幾個丫鬟端著飯食走了進來,將吃食一一擺在桌上。

“奴婢們告退。”

言芷挽坐下準備用膳。

楚亦辰突然伸手取下她頭上的銀簪。

“你這是?”

之間楚亦辰將銀簪放入菜中,銀簪馬上變黑。

“有毒!”

有人在飯在中下毒!

“狗急跳墻。”楚亦辰面不改色的說了句。

“或許柳如玉和鄭則知曉了我們發現了他們二人的奸情,想要殺人滅口。”楚亦辰道。

“殺害朝廷命官可是大罪,她們真的是不要命了嗎?”言芷挽道。

別說楚亦辰是皇上派來的,哪怕是殺個九品芝麻官也要被誅九族。

她們可真是膽大妄為。

“柳如玉和鄭則做的惡事還少嗎!”楚亦辰道。

“此話怎講?”

“待明日你便知道了。”

翌日,鄭則與柳如玉被五花大綁丟至大堂。

柳如玉驚恐的看著言芷挽和楚亦辰。

“怎麽,好奇我們怎麽沒死?”

“你們在飯菜中下毒,想毒死我們二人,誰知竟被我們識破。”言芷挽看著跪在地上的兩人說道。

“太守大人也是你們兩人害死的吧?”言芷挽問道。

柳如玉拼命搖頭。

“鄭太守患有哮病,平日裏也會發作,但只要聞一聞裝有藥草的荷包便可緩解。而太守出事那天,身上並無佩戴荷包。”

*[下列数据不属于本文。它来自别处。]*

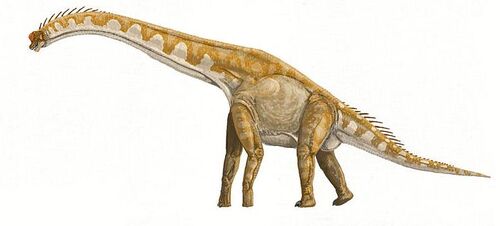 google arts & culture natural history giraffatitan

“就憑這樣就可以斷定為是我們害死了他嗎?”鄭則反駁道。

“那日書房門窗緊閉,我們進去時聞到一股淡淡的香味,若有似乎。而那香就是害死鄭太守的證據。”楚亦辰道。

鄭光輝原本患有哮病,輕易不會發作。而熏香刺激了哮病的發作,使得鄭光輝呼吸急促,喘不上氣,導致最終身亡。

“太傅大人,我是太守的兒子,怎麽會殘害自己的親生父親?”鄭則出聲道。

“你當然會!因為你與柳如玉之間有私情!”言芷挽直接拆穿他們二人之間的關系。

鄭則還在做垂死掙紮。

“太傅夫人有何證據?”

“難道要我們將柳如玉的父母請來對峙嗎!”言芷挽道。

她們已經查清楚了,原本和柳如玉情投意合的是鄭則。

他們在鄭光輝上門提親時就已經知道了女兒要嫁的是誰。

可是他們為了豐厚的聘禮,瞞著女兒兌換了更帖。

就這樣把自己如花似玉的閨女嫁一個一個年過半百的糟老頭子。

“不,我不要見他們!”柳如玉反應激烈。

“鄭則,你怨恨你的父親搶走了你的意中人,所以害的允州民不聊生,用來報覆你的父親。”言芷挽說道。

鹽井中的水是鄭則故意放出來的。他一步步破壞百姓的農田,至使百姓顆粒無收,而後教唆鄭光輝貪汙賑災錢財。

這一樁樁都是為了報覆鄭光輝。

“太守大人察覺到你們二人非同一般的關系,你們二人便聯手害死了他!”

鄭光輝身上總會佩戴一個深藍色的荷包,裏面裝的應當就是藥草。

柳如玉悄悄取下了荷包。偏偏鄭光輝還沒有察覺。

鄭則率先在書房點上了熏香,鄭光輝進去不久,哮病便發作了。

且不說那時鄭光輝口不能言,沒有辦法呼救。鄭則早就找借口將書房門口的下人調開。

“哈哈哈……,他該死!”

鄭則突然大笑起來。

“當年我娘一門心思放在他身上,可是他卻熟視無睹,經常流連煙花場所。我娘一病不起,郁郁而終。”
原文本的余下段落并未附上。